Basic usage is very simple:
python run-bwa.py reads.fq [--virus OR --fungi] --output alignments.sam
The reads are required, as are either --virus or --fungi, while the --output flag is optional. The default output file name is alignments.sam. If you are using paired end reads, use the same format as above except with two reads files ("python run-bwa.py reads1.fq reads2.fq" etc). If you have a single interleaved paired ends file, use the above format and also add the "--paired" flag.
If you would like to run BWA manually for more flexibility, make sure you use the -a flag, and see the following manpage for BWA: http://bio-bwa.sourceforge.net/bwa.shtml#13
Details on the basic BWA algorithm can be found in the BWA paper cited below. We specifically use the BWA mem algorithm, cited below BWA.
Li, H., & Durbin, R. (2009). Fast and accurate short read alignment with Burrows–Wheeler transform. Bioinformatics, 25(14), 1754-1760.
Li, H. (2013). Aligning sequence reads, clone sequences and assembly contigs with BWA-MEM. arXiv preprint arXiv:1303.3997.
Abundance profiling Script
The script for computing abundance profiling is called compute-abundance.py, and is very simple to use:
python compute-abundances.py alignments.sam [--virus OR --fungi] [options]
This script should take a small fraction of the time it takes to run BWA mapping.

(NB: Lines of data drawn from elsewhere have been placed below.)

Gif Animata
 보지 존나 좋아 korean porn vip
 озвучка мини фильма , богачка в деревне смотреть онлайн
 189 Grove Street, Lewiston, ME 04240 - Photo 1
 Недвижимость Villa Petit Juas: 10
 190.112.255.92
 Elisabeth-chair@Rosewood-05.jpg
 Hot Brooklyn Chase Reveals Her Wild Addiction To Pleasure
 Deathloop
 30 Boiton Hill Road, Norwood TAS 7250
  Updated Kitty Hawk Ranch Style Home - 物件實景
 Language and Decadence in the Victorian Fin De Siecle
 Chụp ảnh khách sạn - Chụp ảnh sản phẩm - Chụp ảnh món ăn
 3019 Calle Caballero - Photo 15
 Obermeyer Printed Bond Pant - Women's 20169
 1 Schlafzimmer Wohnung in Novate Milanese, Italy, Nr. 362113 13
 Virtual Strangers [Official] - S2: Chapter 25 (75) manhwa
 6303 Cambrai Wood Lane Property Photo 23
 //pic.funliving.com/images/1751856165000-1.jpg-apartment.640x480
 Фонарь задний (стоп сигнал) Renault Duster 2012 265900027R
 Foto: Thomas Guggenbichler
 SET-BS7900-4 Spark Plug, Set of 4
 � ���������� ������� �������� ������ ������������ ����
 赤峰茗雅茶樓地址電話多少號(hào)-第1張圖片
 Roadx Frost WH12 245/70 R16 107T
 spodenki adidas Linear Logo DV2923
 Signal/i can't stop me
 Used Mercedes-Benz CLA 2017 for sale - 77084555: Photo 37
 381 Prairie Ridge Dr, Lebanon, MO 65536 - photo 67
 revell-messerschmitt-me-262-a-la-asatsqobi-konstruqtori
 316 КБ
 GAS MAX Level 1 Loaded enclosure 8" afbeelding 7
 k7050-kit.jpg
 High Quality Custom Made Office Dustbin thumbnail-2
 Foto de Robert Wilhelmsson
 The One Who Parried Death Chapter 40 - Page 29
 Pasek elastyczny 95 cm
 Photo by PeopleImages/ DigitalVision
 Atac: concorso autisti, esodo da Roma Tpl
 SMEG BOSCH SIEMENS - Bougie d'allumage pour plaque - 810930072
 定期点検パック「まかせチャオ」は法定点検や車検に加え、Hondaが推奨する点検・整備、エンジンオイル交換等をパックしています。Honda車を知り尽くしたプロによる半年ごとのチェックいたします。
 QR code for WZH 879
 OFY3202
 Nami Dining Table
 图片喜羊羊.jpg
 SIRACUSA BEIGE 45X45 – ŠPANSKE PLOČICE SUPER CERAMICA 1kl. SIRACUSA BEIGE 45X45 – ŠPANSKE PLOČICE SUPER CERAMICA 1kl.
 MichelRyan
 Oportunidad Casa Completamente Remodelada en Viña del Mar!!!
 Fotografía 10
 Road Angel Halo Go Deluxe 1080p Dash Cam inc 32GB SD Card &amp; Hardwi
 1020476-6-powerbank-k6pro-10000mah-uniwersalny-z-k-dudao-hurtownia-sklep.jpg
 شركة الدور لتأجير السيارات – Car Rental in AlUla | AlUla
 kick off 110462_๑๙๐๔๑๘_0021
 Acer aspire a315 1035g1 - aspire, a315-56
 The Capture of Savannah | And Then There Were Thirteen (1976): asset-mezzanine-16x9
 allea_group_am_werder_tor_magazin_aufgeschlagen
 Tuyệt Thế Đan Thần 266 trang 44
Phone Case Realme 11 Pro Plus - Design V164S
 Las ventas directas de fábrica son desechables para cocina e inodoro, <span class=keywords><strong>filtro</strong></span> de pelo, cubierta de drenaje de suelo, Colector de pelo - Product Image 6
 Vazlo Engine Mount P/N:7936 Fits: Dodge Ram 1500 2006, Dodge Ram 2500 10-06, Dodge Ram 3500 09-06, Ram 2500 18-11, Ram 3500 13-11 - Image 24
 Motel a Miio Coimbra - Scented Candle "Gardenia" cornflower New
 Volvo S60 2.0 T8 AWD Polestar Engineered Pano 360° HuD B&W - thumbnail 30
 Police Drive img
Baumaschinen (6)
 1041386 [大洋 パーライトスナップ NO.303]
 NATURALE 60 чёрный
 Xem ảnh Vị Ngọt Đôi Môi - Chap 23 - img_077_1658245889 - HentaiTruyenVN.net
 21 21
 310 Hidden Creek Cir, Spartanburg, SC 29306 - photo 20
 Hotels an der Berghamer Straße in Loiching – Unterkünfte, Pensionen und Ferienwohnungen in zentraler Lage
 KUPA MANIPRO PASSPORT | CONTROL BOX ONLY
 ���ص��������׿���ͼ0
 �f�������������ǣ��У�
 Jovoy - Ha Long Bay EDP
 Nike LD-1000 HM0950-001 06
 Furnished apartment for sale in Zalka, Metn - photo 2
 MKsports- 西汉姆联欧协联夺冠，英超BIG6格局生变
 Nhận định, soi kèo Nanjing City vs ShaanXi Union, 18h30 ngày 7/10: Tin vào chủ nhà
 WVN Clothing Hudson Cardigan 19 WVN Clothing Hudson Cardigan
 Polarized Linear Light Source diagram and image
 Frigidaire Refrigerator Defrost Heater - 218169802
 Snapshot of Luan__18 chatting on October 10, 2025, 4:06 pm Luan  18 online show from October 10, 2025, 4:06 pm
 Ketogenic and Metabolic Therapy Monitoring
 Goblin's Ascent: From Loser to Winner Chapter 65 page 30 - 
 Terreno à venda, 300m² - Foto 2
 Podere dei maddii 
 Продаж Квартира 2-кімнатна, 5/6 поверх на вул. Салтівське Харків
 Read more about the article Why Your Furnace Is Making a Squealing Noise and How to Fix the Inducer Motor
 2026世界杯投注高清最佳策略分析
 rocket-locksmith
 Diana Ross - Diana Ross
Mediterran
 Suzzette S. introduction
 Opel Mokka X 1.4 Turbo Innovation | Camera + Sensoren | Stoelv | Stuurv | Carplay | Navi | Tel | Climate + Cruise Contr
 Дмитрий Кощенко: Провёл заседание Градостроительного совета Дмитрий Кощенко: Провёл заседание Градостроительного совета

By default, this will output the results to abundances.txt. To change this, use the --output flag. All of the other options have to do with adjusting the filtering criteria for counting a clade as being present, and these options and their descriptions can be viewed with:
python compute-abundances.py -h
The data used for our simulations can be found in the simulated_data directory in a compressed format (.bz2). If you want to run BWA or the run-bwa.py wrapper script on this data, you will have to decompress it first. For instance, running "bzip2 -dk grinder-fungi-low-complexity-reads.fa.bz2" will generate the file grinder-fungi-low-complexity-reads.fa, which you can then run the scripts on. Just do "bzip2 -d" without the "k" if you only want the unpacked file and do not want to keep the original compressed file.
The mock community datasets are taken from the following papers:
Viral data: Conceicao-Neto, N., Zeller, M., Lefrere, H., De Bruyn, P., Beller, L., Deboutte, W., ... & Matthijnssens, J (2015). Modular approach to customise sample preparation procedures for viral metagenomics: a reproducible protocol for virome analysis. Scientific reports, 5, e16532. doi:10.1038/srep16532
Fungi data: Tonge, D. P., Pashley, C. H., & Gant, T. W. (2014). Amplicon–Based Metagenomic Analysis of Mixed Fungal Samples Using Proton Release Amplicon Sequencing. PloS one, 9(4), e93849. https://doi.org/10.1371/journal.pone.0093849
Finally, the HMP data was downloaded using the instructions in the MetaPhlAn tutorial: https://bitbucket.org/nsegata/metaphlan/wiki/MetaPhlAn_Pipelines_Tutorial
Raw FASTA Database Files
Download links to the raw FASTA databases we used for this paper are below.
For convenience, we include a version of the BWA kit in our repository. This is allowed under BWA's GPLv3 license, under the requirement that we also adopt GPLv3. We also use a code snippet in the setup script that is adapted from a Stack Overflow answer, permitted for inclusion under the Creative Commons license.